(Caption-style text data)

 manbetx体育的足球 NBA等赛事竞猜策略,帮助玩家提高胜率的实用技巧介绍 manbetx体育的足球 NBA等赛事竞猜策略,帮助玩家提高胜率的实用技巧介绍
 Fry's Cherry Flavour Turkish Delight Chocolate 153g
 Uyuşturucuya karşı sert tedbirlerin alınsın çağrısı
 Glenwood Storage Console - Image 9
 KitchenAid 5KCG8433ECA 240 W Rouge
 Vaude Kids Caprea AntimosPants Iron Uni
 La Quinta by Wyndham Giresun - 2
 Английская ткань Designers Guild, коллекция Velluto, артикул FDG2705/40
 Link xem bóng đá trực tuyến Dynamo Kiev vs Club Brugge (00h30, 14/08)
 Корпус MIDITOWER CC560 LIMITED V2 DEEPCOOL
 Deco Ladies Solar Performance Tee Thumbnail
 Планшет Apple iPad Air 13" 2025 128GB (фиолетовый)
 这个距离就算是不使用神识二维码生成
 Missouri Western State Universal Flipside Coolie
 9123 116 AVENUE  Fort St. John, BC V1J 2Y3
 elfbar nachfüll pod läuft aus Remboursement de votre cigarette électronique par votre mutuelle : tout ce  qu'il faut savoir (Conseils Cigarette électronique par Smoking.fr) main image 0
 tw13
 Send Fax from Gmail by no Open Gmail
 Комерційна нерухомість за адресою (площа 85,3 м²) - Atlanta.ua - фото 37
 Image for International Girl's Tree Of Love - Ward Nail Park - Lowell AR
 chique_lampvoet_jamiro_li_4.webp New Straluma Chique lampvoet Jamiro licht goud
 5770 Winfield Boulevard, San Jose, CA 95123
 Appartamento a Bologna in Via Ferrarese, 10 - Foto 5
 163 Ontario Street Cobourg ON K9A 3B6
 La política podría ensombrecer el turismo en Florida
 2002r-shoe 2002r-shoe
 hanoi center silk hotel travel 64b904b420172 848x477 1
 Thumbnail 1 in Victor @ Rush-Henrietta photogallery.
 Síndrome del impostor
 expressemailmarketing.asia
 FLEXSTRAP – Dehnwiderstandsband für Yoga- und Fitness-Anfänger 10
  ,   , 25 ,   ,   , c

What needs to be done →
Gather each line in the data that holds the string "Thumbnail".

Response to this task →
 Deco Ladies Solar Performance Tee Thumbnail
 Thumbnail 1 in Victor @ Rush-Henrietta photogallery.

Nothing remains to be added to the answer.